Cryptonite: A Framework for Flexible Time-Series Secure Aggregation with Non-interactive Fault Recovery
Abstract: In many real-world applications, an untrusted aggregator (server) is required to collect privacy-sensitive data from the users (clients) to compute aggregate statistics on that data periodically. In Private Stream Aggregation (PSA), multiple data producers encrypt their data for a central party, which can then retrieve only the aggregate sum of the encrypted values, without access to any individual values. PSA enables untrusted aggregators to execute aggregation operations over privacy-critical data from multiple data sources.
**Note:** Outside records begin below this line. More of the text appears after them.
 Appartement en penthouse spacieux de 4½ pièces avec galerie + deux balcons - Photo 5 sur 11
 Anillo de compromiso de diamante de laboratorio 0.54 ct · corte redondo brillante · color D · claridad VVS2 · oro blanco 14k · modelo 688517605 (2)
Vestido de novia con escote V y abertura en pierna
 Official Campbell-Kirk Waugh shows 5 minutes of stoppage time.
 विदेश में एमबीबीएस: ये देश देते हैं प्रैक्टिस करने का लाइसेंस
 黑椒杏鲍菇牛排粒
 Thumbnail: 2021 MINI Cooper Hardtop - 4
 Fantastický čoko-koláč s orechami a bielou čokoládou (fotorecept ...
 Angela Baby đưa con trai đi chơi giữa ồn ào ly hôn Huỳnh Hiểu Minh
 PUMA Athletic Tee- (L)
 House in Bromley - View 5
Traditionally, existing PSA schemes require the aggregator to interact with a trusted third party to achieve fault tolerance. However, this kind of interactive recovery poses many security and practical vulnerabilities to achieve fault tolerance in real-world applications. This paper introduces a new formal PSA framework that ensures rigorous privacy guarantees for individual user inputs and achieves fault tolerance with non-interactive recovery. Existing definitions for fault tolerance do not account for the impact of faults on security and cannot defend against residual function attacks. We define a new level of security for a non-interactive fault tolerance model with malicious adversaries that guarantees defense for such attacks during fault recovery. We present the first PSA protocol that provably achieves this new level of security. Our techniques are versatile and can be used to enhance any existing PSA scheme to safely recover from faults in a non-interactive manner. We employ our proposed framework and use trusted hardware, cryptographic hashing, and p-ary trees to develop a protocol that achieves significant improvements in scalability and communication efficiency. Our proposed protocol is about 3
faster than existing PSA protocols for cases when faults do not occur. During cases when faults occur, our protocol provides faster execution by about 1–2 orders of magnitude compared to existing works.